More evidence that "Mission Accomplished" was then and remains today pure, unadulterated bullshit:
Iraq's Nassriya Water Treatment Plant, the country's largest reconstruction project, is a failure so far because it isn't delivering sufficient water to enough people, a new audit says.IG for Iraq, Stuart Bowen, placed blame for the failure of the $277 million water treatment facility on the Iraqi government which took over the facility for operations in June 2007. Bowen said that the failings of the Maliki government to effectively oversee the management and operation of the facility "provides a detailed look at the challenges confronting the transfer of significant reconstruction projects for Iraqi operation as the U.S. role in reconstruction ends."
Inspectors in December and again in February found the U.S.-funded plant 200 miles (322 kilometers) south of Baghdad was operating at only 20 percent capacity, the Special Inspector General for Iraq Reconstruction said in a report released today.
``Potable water is only reaching a fraction of the Iraqi people for which it was designed and intended,'' Inspector General Stuart Bowen said. Two of the intended five cities, Ad Diwayah and Suq Al Shoyokh, weren't receiving water, he wrote.
Bowen's audit found that there is no one reason that the facility is failing, instead they are myriad and complex, defying easy answers and quick fixes.
The facility was designed to operate around the clock and pump 240,000 cubic meters of potable water per day. Thing about water treatment facilities, tho, is that they require a whole hell of a lot of electricity to operate, and the national power grid is rickety and inadequate to reliably provide the power necessary to operate the plant. Another problem is a leaky and compromised water distribution system that can't withstand high water pressures. The water system is further compromised by illegal taps into the lines.

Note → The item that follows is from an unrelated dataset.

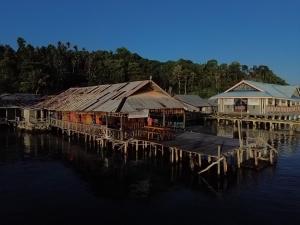 a group of houses on a dock on the water at Losmen Togean Wisata in Pulau Togian +18 photos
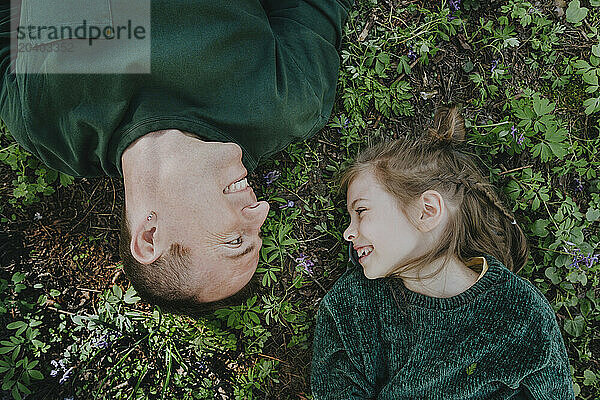 Smiling girl with father lying on grass in forest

Then there is the most difficult problem to overcome - "unqualified and Ministry of Municipalities and Public Works staff unwilling to consistently attend the contractor-provided training" Bowen wrote. He also reported that "At the time of our visits, the plant was operating only one eight-hour shift a day, serving only 60 percent of the intended cities." The facility was constructed with funds from the $20.9 billion Iraq reconstruction pool set up by the U.S government in the wake of the invasion, and Bowen took an investors-eye view of the plant, writing "The preservation of U.S. investment remains a key concern because the ultimate success of the reconstruction program depends on Iraq's capability to manage and sustain U.S.-funded projects."
And then there is the finger pointing and blame shifting.
But at the end of the day, it boils down to the fact that the Iraqi government is going to have to take over the running of their own country and the maintenance of their own facilities.
Yes, I am fully cognizant that the country was functioning before the U.S. invaded - but we can't unring that bell. If we could, Galileo knows, I would be the first in line to have a go at it. But I am not one to waste time on what-ifs, speculations and ephemera.
We need timetables and benchmarks and they need to have teeth. It is painfully obvious that the Iraqi hand will have to be forced and until it is, nothing is going to change.
And by the way - why the hell do the same people who decry dependence at home and demand an overhaul to social programs lest someone get a "free ride" in the form of food stamps or a small stipend for raising ones grandchildren insist upon fostering a much more heinous form of dependency by the government in Iraq? A single mom who is struggling to keep her nose above water, having long since given up on the notion of ever getting her head above water is fair game for dates certain - but the sovereign government of Iraq gets a pass?